*RAW DATA*

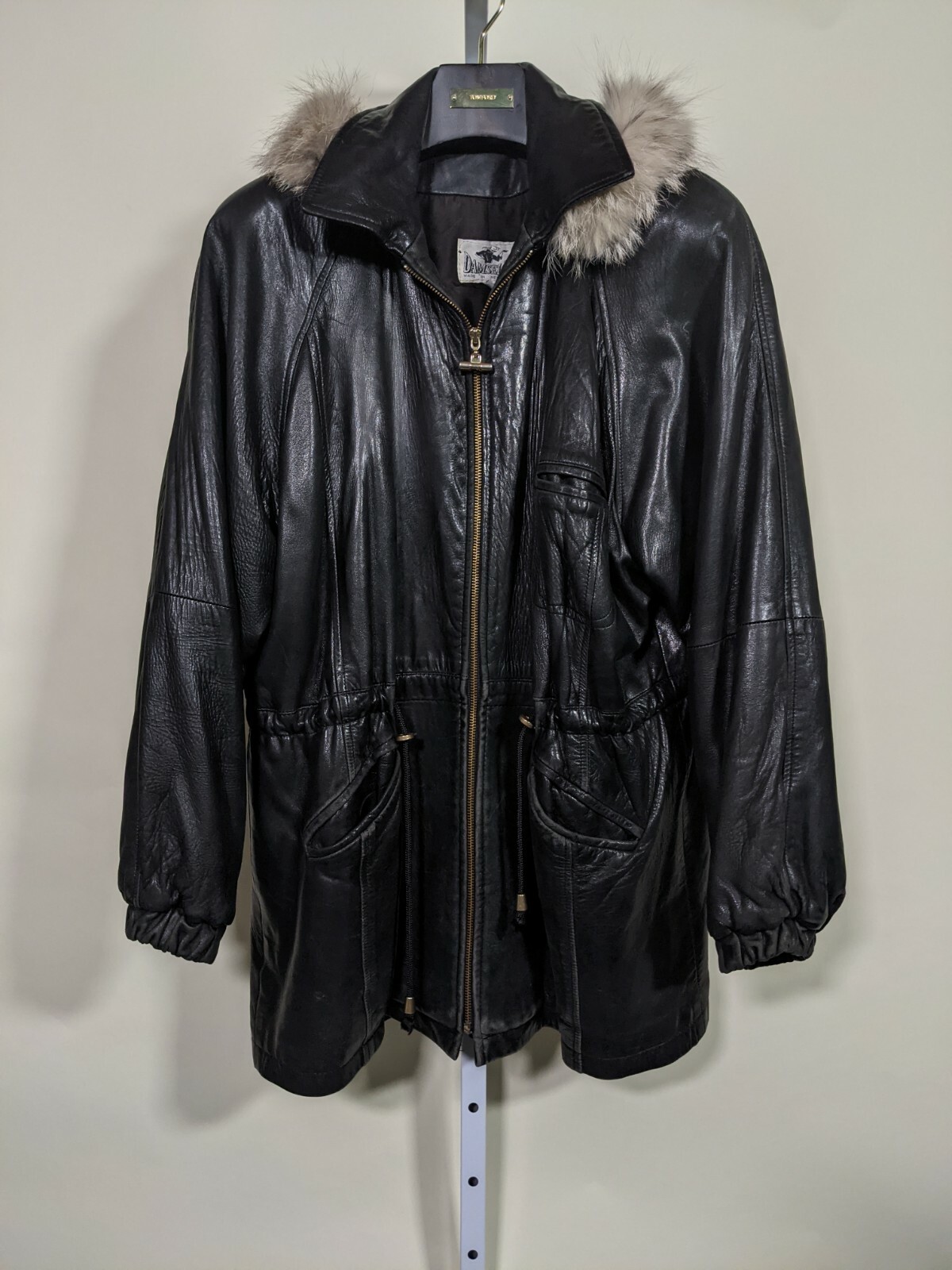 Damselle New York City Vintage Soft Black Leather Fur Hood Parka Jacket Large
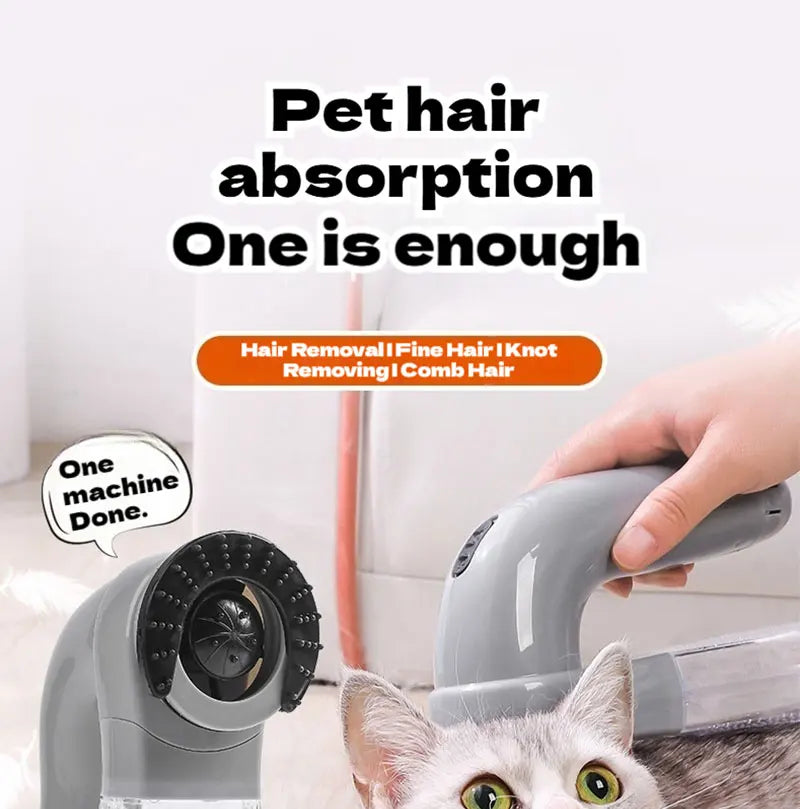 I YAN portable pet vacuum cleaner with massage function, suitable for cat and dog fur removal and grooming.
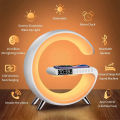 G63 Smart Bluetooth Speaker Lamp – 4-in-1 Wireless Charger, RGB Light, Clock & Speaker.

*TASK STATEMENT*
The result should be a verbatim copy of the data, free of pictures.

*OUTPUT FOR THIS EXERCISE*
 Damselle New York City Vintage Soft Black Leather Fur Hood Parka Jacket Large
 I YAN portable pet vacuum cleaner with massage function, suitable for cat and dog fur removal and grooming.
 G63 Smart Bluetooth Speaker Lamp – 4-in-1 Wireless Charger, RGB Light, Clock & Speaker.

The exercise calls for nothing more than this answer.